The Nutritional Science community has a role to play in helping both health professionals and consumers that navigate this universe. As a starting point, here are some modest principles to be considered for benchmarking supplements:

• Claims must be based upon sound science, using accepted, standardized approaches;

• Clear scientific rationale and cellular mechanism of action must be demonstrated;

In vitro data is necessary, but by no means sufficient. The literature has numerous examples of promising approaches demonstrated in the in vitro systems that fail when applied to animals and humans.

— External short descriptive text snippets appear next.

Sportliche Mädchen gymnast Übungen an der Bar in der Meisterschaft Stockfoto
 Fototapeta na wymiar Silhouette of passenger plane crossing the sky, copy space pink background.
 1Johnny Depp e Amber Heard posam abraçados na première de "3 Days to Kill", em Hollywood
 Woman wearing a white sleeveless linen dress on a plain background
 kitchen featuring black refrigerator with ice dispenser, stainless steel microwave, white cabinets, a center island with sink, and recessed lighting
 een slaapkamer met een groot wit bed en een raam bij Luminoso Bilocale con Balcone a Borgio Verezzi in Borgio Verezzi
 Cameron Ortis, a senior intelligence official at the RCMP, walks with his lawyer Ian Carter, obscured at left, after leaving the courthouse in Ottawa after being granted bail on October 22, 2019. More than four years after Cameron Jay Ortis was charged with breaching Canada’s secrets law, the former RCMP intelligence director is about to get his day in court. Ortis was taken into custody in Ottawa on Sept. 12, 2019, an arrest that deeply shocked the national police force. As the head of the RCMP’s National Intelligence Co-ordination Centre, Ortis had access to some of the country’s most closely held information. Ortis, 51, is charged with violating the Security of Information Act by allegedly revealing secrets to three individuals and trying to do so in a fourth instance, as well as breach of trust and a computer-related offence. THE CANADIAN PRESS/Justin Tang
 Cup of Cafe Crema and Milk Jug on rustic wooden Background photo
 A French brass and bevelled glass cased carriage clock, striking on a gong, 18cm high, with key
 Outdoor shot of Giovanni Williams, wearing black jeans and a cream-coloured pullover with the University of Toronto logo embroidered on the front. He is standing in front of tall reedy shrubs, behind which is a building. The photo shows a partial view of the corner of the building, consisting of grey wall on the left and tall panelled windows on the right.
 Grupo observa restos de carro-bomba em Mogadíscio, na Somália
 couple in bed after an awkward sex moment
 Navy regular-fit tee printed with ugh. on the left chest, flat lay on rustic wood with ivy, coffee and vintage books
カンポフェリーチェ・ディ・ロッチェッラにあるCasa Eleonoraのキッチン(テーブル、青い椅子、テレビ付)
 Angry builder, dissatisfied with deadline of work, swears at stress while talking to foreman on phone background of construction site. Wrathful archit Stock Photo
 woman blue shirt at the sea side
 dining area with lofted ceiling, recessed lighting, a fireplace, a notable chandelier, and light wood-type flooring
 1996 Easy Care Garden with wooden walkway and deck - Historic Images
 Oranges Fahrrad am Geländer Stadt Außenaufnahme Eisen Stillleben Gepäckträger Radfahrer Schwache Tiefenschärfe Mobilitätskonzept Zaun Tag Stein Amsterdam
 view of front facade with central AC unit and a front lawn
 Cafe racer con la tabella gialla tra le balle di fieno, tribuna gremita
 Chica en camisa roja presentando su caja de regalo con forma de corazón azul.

In vivo demonstration of safety and efficacy in the target population must be presented using the same doses as used in the products when marketed. The nutrition literature has demonstrated the efficacy of several plant derivatives in the prevention/management of chronic diseases using doses that are difficult or impossible to obtain; those same derivatives are then marketed at much lower doses with reference made to the “high dose” literature. Resveratrol supplements are one such example of this problem, and cinnamon applications in diabetes are another. These create both practitioner and consumer confusion, as there is indeed validation studies, but not using the doses in the supplements.

• Key data must be available for scrutiny in peer-reviewed scientific publications for public and scientific scrutiny.

Consistent application of these simple benchmark principles by the Nutritional Science community is the first step towards restoring the confidence of both clinicians and consumers that there is appropriate alignment between the data and the claims. Translating our science into practical use demands that this scientific community undertake the task of utilizing this framework to systematically evaluate dietary supplements and periodically provide the results of this evaluation to the broader community.